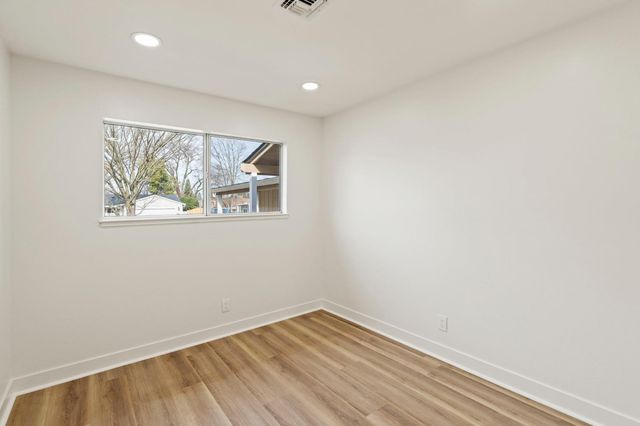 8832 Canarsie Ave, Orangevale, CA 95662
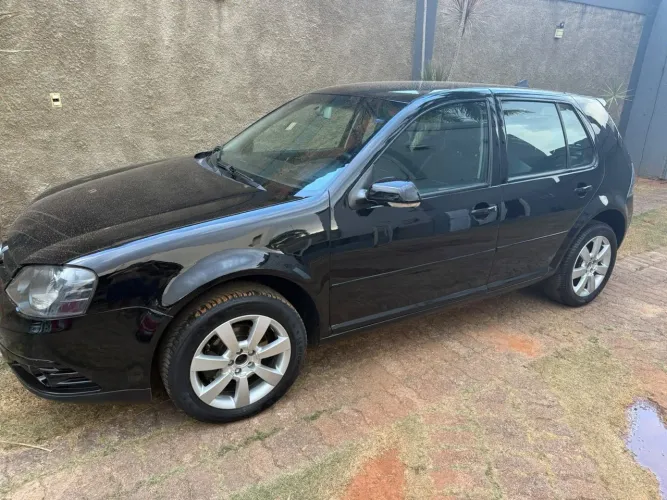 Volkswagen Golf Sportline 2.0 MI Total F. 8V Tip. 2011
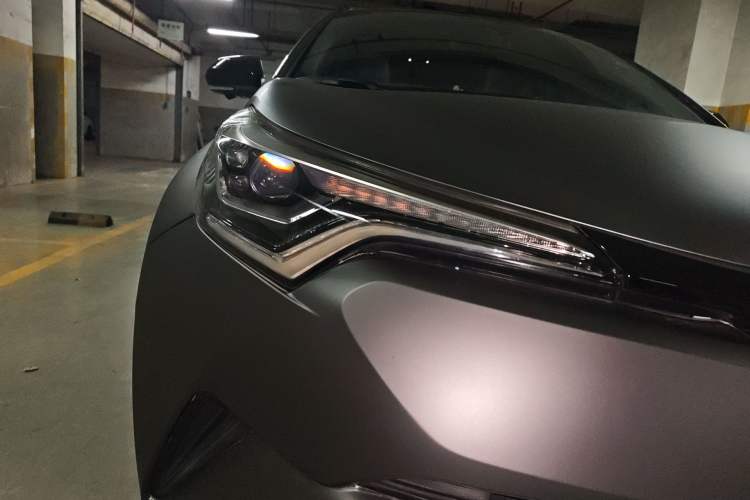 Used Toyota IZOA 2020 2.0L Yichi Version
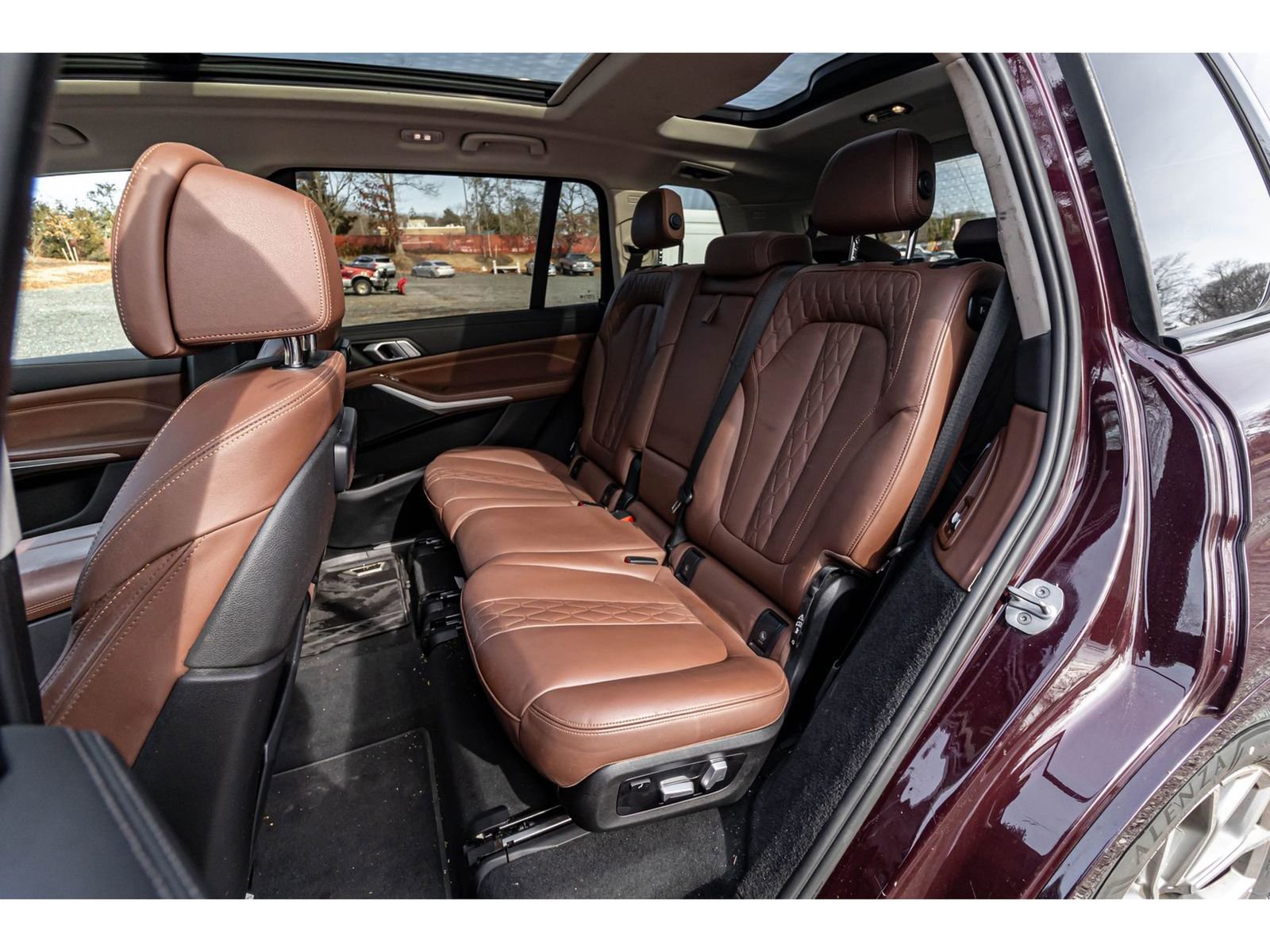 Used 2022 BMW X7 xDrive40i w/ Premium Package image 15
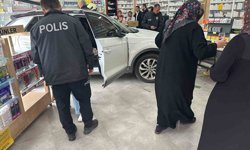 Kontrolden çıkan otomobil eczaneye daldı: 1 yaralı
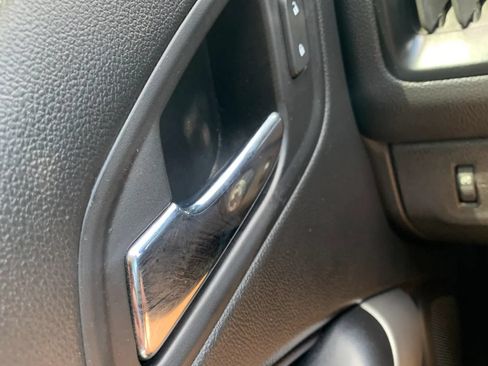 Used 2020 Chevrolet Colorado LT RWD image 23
========
= What you will do =
Once the line holding "Volkswagen Golf Sportline" is found, set down that line and every line after it, exactly, through the last line of the records above, omitting pictures.

= Answer =
 Volkswagen Golf Sportline 2.0 MI Total F. 8V Tip. 2011
 Used Toyota IZOA 2020 2.0L Yichi Version
 Used 2022 BMW X7 xDrive40i w/ Premium Package image 15
 Kontrolden çıkan otomobil eczaneye daldı: 1 yaralı
 Used 2020 Chevrolet Colorado LT RWD image 23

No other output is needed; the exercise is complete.